I use my left thumb to hold in the lever on my mobility scooter which is unavoidable but boy am I paying for it at the minute!  
 
 
Tony is on a late shift tonight so started at 3pm and will be home about 10.15pm. It meant I picked Amelia-Rose up from school and we got to spend the evening just the two of us which was nice. Obviously it goes without saying it's lovely when Tony is around but Amelia-Rose and I got to spend some real quality time together today and it was absolutely wonderful.

Autumn is my favourite time of year, those wonderful blue sky days with a nip in the air and crunchy leaves under foot. I think there is something magical about Autumn.

On the way home from school Amelia-Rose and I collected lots of 'Autumn things' and used them to make an Autumn picture using sticky back plastic when we got home. Every pile of leaves we found we crunched in. Amelia-Rose with her feet and me on my mobility scooter! Lord knows what people must have thought seeing a fully grown woman going round and round in circles through leaf piles but it made Amelia-Rose and I happy and that's all that matters!

I took her a kinder egg for a treat after school and she got a little blue horse in it, when she first got home I had to go in the house whilst she hid it in the garden, she then drew me a treasure map and I had to go out into the garden and find her. I should point out Amelia-Rose is already better at giving directions then I have ever been! I was most impressed! After that we made the picture and Amelia and pretending the picture was pony land and I was the first human to ever be allowed into pony land.

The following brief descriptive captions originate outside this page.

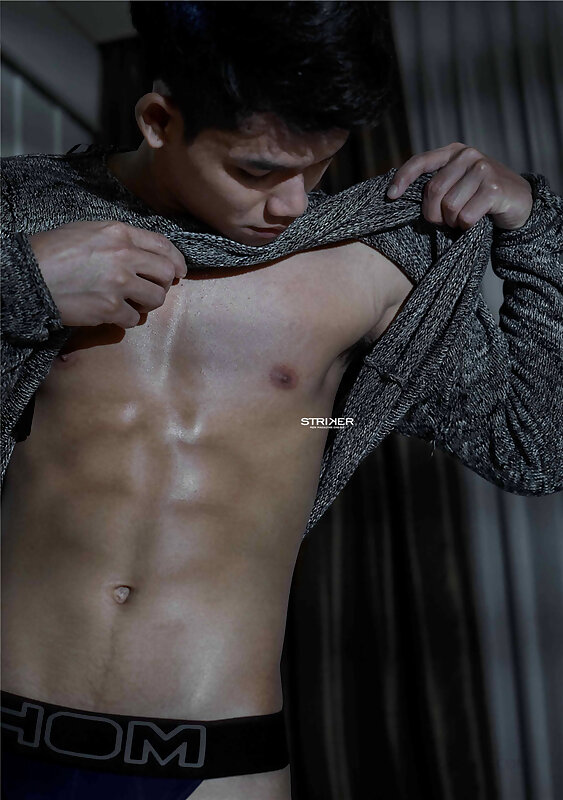 Next Image >>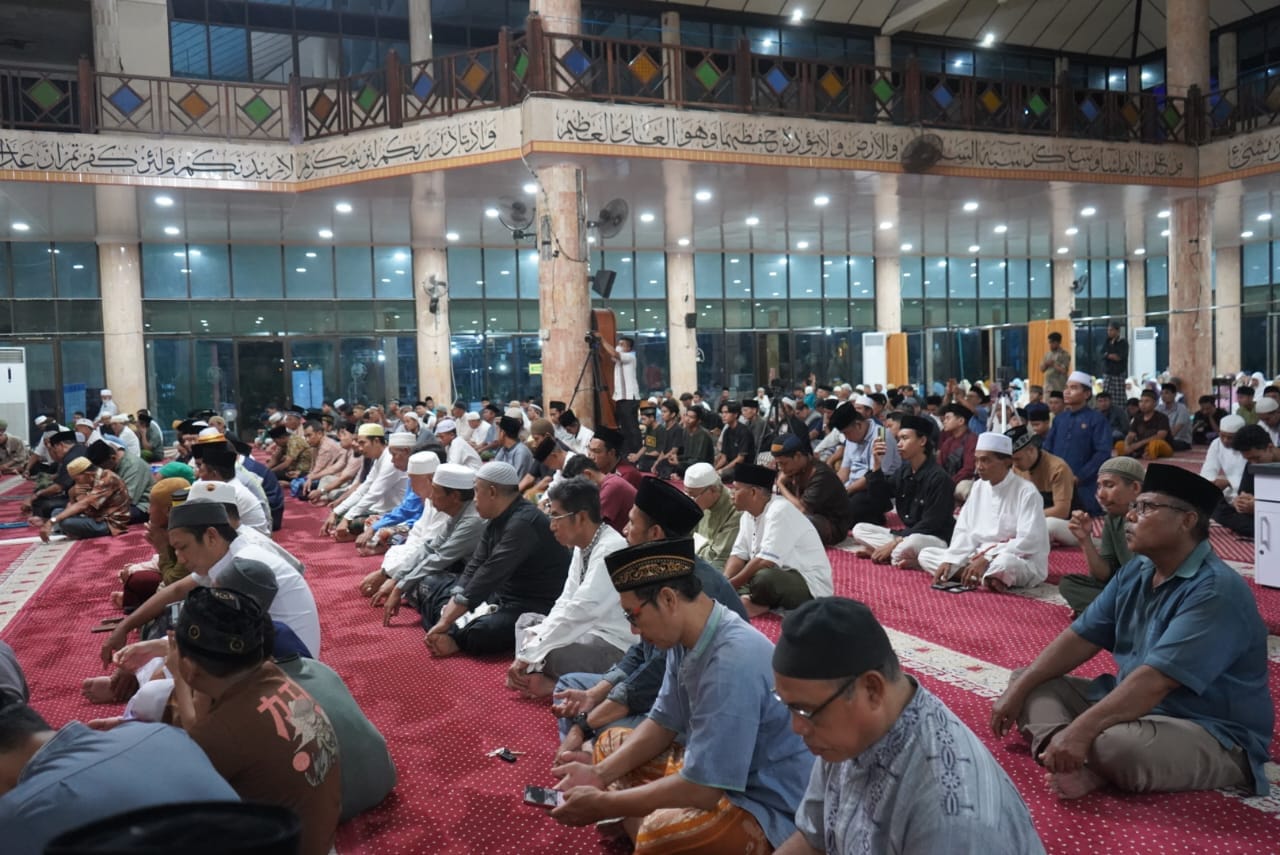 Bupati Sumbawa menghadiri Nuzulul Qur'an yang berlangsung di Masjid Agung Nurul Huda Sumbawa.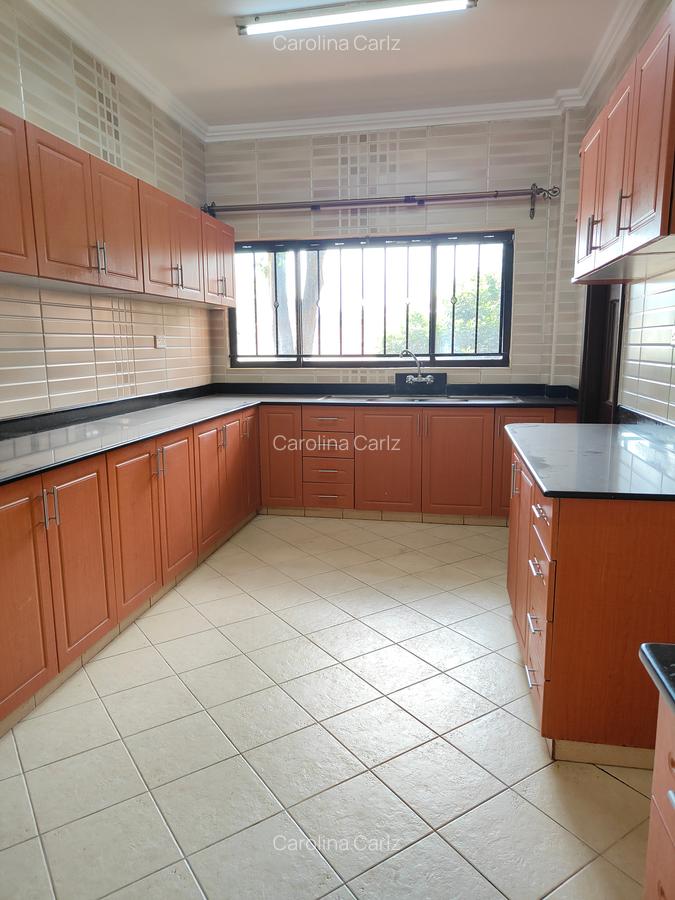 4 Bed Apartment with En Suite at Brookside Drive - 11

I quietly put the camera on the table and got some very sweet 'pony view' pictures and also made a little film. You can't see either Amelia-Rose or I in it, just hear us talking but I feel like I captured a really special time.








We had a nice meal together. I had a carrot, apple and ginger smoothie because I'm still struggling with my jaw and didn't fancy a crunchy salad but I am really enjoying and sticking to the raw food. It's amazing what it is doing for my energy levels.
 
I hope days like today are the days Amelia-Rose remembers when she is older. It really reminded me of how things use to be before I became disabled and I hope she holds onto these memories. Being as creative as I am I have always loved the creativity being a mum brings back into your life. We would always have some craft project or another on the go and be off on long nature walks looking for fairies or dragons.
 
When Amelia-Rose was born she reopened my eyes to the beauty and magic of the world and I loved living life at her pace. Everything was new and exciting and demanded being explored. If we were walking past a row of houses we would make up detailed stories of who might live inside and pretend we knew all about them. I am ashamed to say when pain became such a big part of my life I lost some of that. It was so hard to just function anything beyond that suddenly became out of my reach.
 
I feel like at the minute we are getting that back and that excites me so much. There is something very cruel about not being able to be the mum you know you can be.
 
I love the way that Autumn eases us into Winter. It is a slow transition that gently prepares us all for the darker days ahead. It has made me think about how my life is transitioning from thinking I was going to get better to accepting that this is something I have to manage my whole life.